Posted on 26 March 2015 in Clinical Trials / Research

Kenton Zavitz
Author: Kenton Zavitz, PhD, Director of Clinical Affairs

Key Points:

  • The blood-brain barrier (BBB) functions to protect the brain from toxic molecules and infectious agents that can impact brain health and cognitive function
  • An understanding of the structure and function of the BBB is essential for the development of new effective therapies to treat CNS disorders
  • Common disease states, environmental toxins, certain medications and the aging process itself can compromise the integrity of the BBB
  • Drug developers and regulatory agencies are increasingly interested in measuring and monitoring cognitive function as part of a drug’s safety profile and risk management strategy

The blood-brain barrier (BBB)
 

The blood-brain barrier (BBB) is a highly regulated and complex layer of cells that has evolved to protect the brain from toxic molecules and infectious agents. It serves as the interface between the brain and the other tissues of the body. Under normal conditions, the BBB permits the selective transport of molecules that are essential for brain function and metabolism while preventing the passage of most proteins and small molecules, including the majority of drugs in current use.[1] Knowledge of the structure and function of the BBB is therefore essential for those in the pharmaceutical industry developing new small molecule drugs and biologics that are required to cross the BBB to reach their targets and treat disorders of the brain such as Alzheimer’s disease. This remains one of the most significant technical challenges in drug design and development.

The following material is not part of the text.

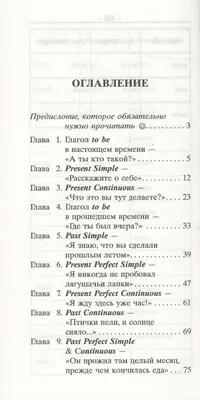 Все времена английского — примеры с котиком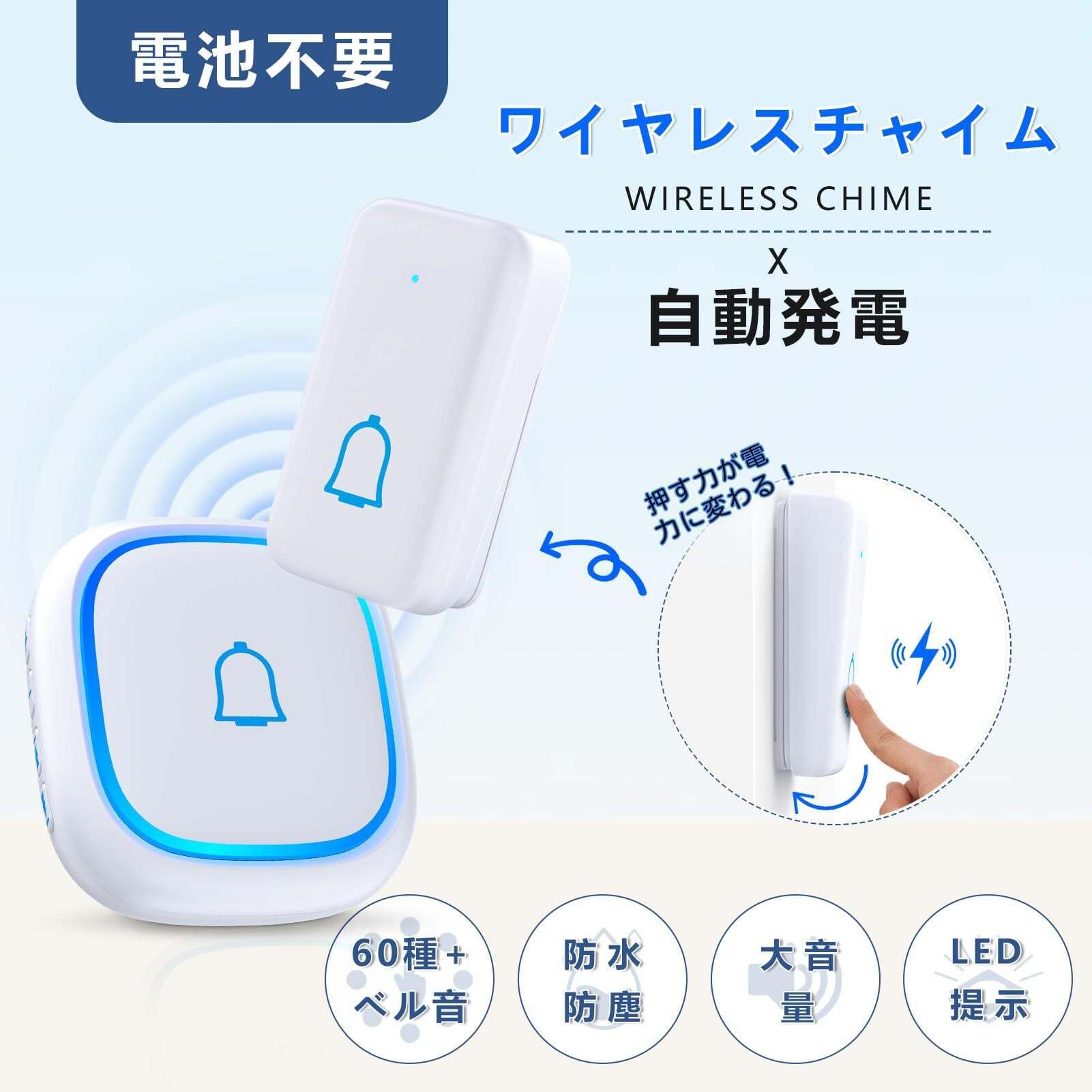 Shizunami ワイヤレスチャイム 電池不要 自動発電 防水防塵 玄関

There is, however, growing evidence that the integrity and permeability of the BBB can be compromised by many common medical conditions and comorbidities.  Examples of these include systemic diseases (e.g. diabetes, hypertension), inflammatory conditions (Multiple sclerosis), neurodegenerative diseases (e.g. Alzheimer’s disease, Parkinson’s Disease), infections (HIV), stroke, traumatic brain injury and brain tumours [2,3,4].  In addition, the function of the BBB can be altered by certain medications, environmental toxins and the aging process itself[3].  Therefore, there exists the potential for many new and commonly used drugs to gain access to the brain and have an unanticipated impact on cognitive function, when used by patients in both clinical trials and real-world settings. 

The blood-brain barrier

Investigators involved in the development of new drugs for both CNS and non-CNS related medical conditions, regulatory agencies in Europe and the US, as well as practicing physicians, are increasingly interested in measuring and monitoring cognitive function as part of a drug’s safety profile and risk management strategy.

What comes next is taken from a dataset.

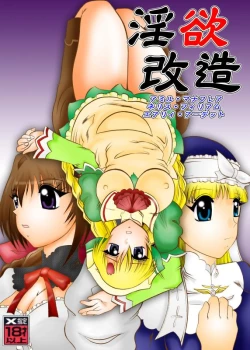 Page 1 of Inyoku Kaizou: Shining Hearts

The BBB consists of a layer of highly specialized brain microvascular endothelial cells (BMECs) lining the inner surface of the capillaries that feed the brain. In the human brain, there are about 100 billion capillaries in total providing a combined length of brain capillary endothelium of approximately 650 km and a total surface area of about 20 m2 [5]. To say the least, this is a vast system of plumbing to prevent from springing leaks!  BCMEs are the primary site for the production and function of the structural proteins, enzymes and membrane transporters that tightly regulate access of privileged molecules to the brain parenchyma. The close physical association of BMECs is achieved by ‘tight junctions’ that severely limit the diffusion of molecules throughout the spaces between these cells.  Tight junctions are composed of an elaborate assembly of structural proteins that provide strong physical connections by tying together the cytoskeletons of adjacent cells [2,3].
 

Entering the brain

 

The physical and biochemical properties of the healthy BBB mean that there are essentially two ways for small molecule drugs and larger biologic drugs in peripheral circulation to gain access to the brain: 1) lipid-mediated free diffusion through the BBB or 2) carrier- or receptor-mediated transport across the BBB.  Most drugs for brain disorders currently in clinical use are small molecules (molecular weight <400 Da) that are also highly lipid soluble and can therefore diffuse through the BBB [1]. However, of all drug molecules, very few fit these dual criteria and the design of new drug candidates that can utilize lipid-mediated diffusion to gain access to the brain remains incredibly challenging.    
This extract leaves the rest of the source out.